Принцу показалось, что за одним из деревянных столбов ложе пустует. Сердце Акхана резко ударилось и затихло. "В дурной голове всегда много помыслов, - сказал себе принц, - С чего я взял, что это ее место? Может девочка, которая спит там, сейчас целуется с кем-нибудь в саду. Неужели они никого не нашли на место Лальмет?" Но внутренний голос говорил ему, что жрица исчезла совсем недавно, а значит...
Он сделал несколько осторожных шагов, стараясь ни звуком не побеспокоить спящих. За тонким резным столбом вязанка тростника действительно пустовала. И вообще, здесь было как-то на редкость неприютно. Ни накидки, ни сандалий, ни резного эбенового ларчика для вещей, ни кувшина с водой для умывания и питья, как у других. Тростник, сухой и слежавшийся, оказался даже не покрыт яркой циновкой. Гвозди над головой пусты. Да, кажется, пусты, кроме одного. Какой-то жалкий шнурок болтался на нем и был так потрепан и грязен, что принц даже не сразу признал в нем знаменитый рабочий пояс кои с неизменными узелками.
Секунду он колебался, затем тихо проскользнул к стене и аккуратно снял веревку с гвоздя. Его пальцы машинально перебежали по обрывку шерстяного шнура. "двенадцать, двенадцать, тринадцать, двадцать шесть, - прошептал он. - Л-л-м-т". Руки чуть не разжали находку. "Только дурак не верит в собственную интуицию", - сообщил себе акалель древнюю дагонисскую пословицу.
Он довольно легко выскользнул из спальни обратно в мастерскую и тут услышал шаги. Кто-то, а вернее сразу несколько человек шли снаружи мимо стены к двери, приглушенно разговаривая меду собой.
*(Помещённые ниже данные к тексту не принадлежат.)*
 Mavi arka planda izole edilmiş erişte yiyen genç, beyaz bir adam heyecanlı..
- Сюда, Хаган Виник, - раздался подобострастный шепот.
Тяжелые задвижки на кипарисовых дверях стали с лязгом отодвигаться.
- Охрана может остаться в саду. - отозвался другой голос. - Я помню дорогу. - говоривший усмехнулся.
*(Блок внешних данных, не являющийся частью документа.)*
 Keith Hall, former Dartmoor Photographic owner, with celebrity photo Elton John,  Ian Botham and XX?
"Идиот, - принц шарахнулся к стене. - Как я не подумал? "Лучшие из них для богов, остальные для людей". - вспомнил он слова Халач Виника. - Жрецы сами тени богов и позволяют себе иногда выполнять их функции. Как мне это не пришло в голову?"
Между тем дверь уже слабо скрипнула. Мастерская вся была видна как на ладони, скрыться за хрупкими станами или полупрозрачными материями казалось невозможно. Окно, через которое он проник внутрь, слишком высоко, чтоб быстро до него добраться. Застыв под проклятым отверстием, акалель безнадежно подпрыгнул и не смог даже уцепиться за край дыры. "Когда завтра утром они разберутся, что заколотый стражей труп принадлежит Принцу Победителю, тебе уже будет все равно", - акалель поражался, почему его внутренний голос начинал зудеть в самых неподходящих обстоятельствах.
Дверь медленно, как во сне, поплыла, открываясь внутрь, и тут Акхана кто-то сверху схватил за горло, зажав при этом рот, так что акалель не смог издать ни звука. Невидимая сила мощным рывком втянула его в окно на потолке и швырнула лицом вниз на крышу. Оглушенный Акхан видел в отверстие, как через мастерскую быстро прошествовал невысокий тучный человек, в котором он узнал второго жреца Хакан Виника, и углубился в комнату кой.